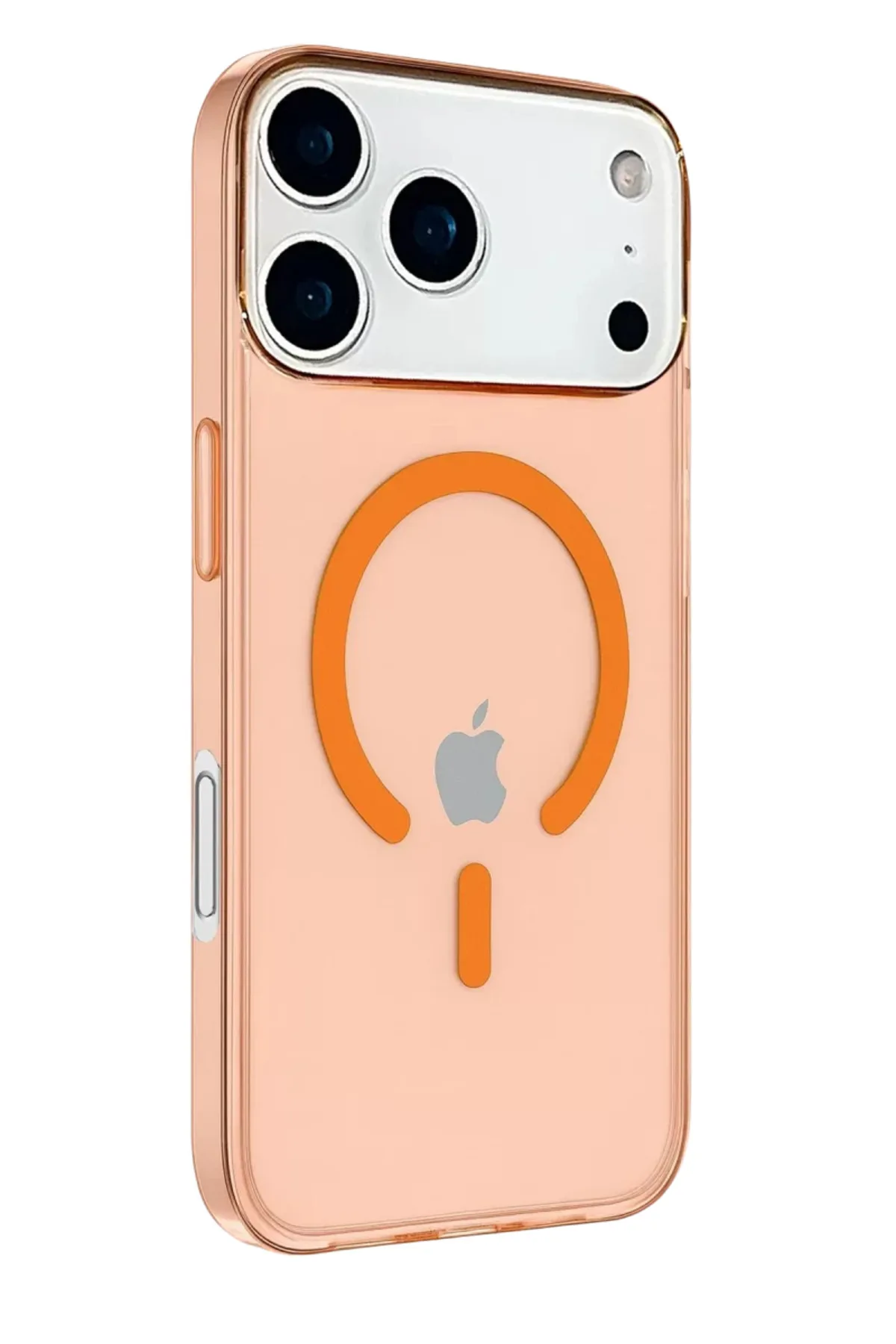 Newface Apple iPhone 17 Pro Max Kılıf Pc Real Magsafe Kapak - Turuncu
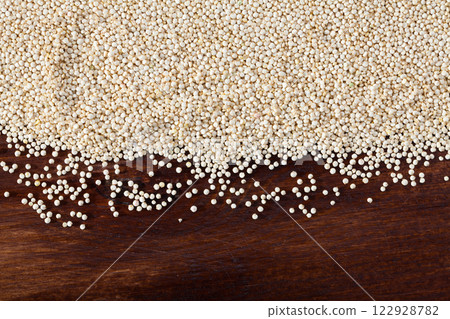 Quinoa seeds scattered on surface Quinoa seeds scattered on surface 122928782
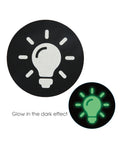 Peekaboos Glow in the Dark Light Bulb Pasties - Pack of 2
━━━━━━━━
**YOUR GOAL:** Could you write out the whole listing exactly, skipping every picture?

**SOLUTION FOR THIS TASK:**
 Newface Apple iPhone 17 Pro Max Kılıf Pc Real Magsafe Kapak - Turuncu
 Quinoa seeds scattered on surface Quinoa seeds scattered on surface 122928782
 Peekaboos Glow in the Dark Light Bulb Pasties - Pack of 2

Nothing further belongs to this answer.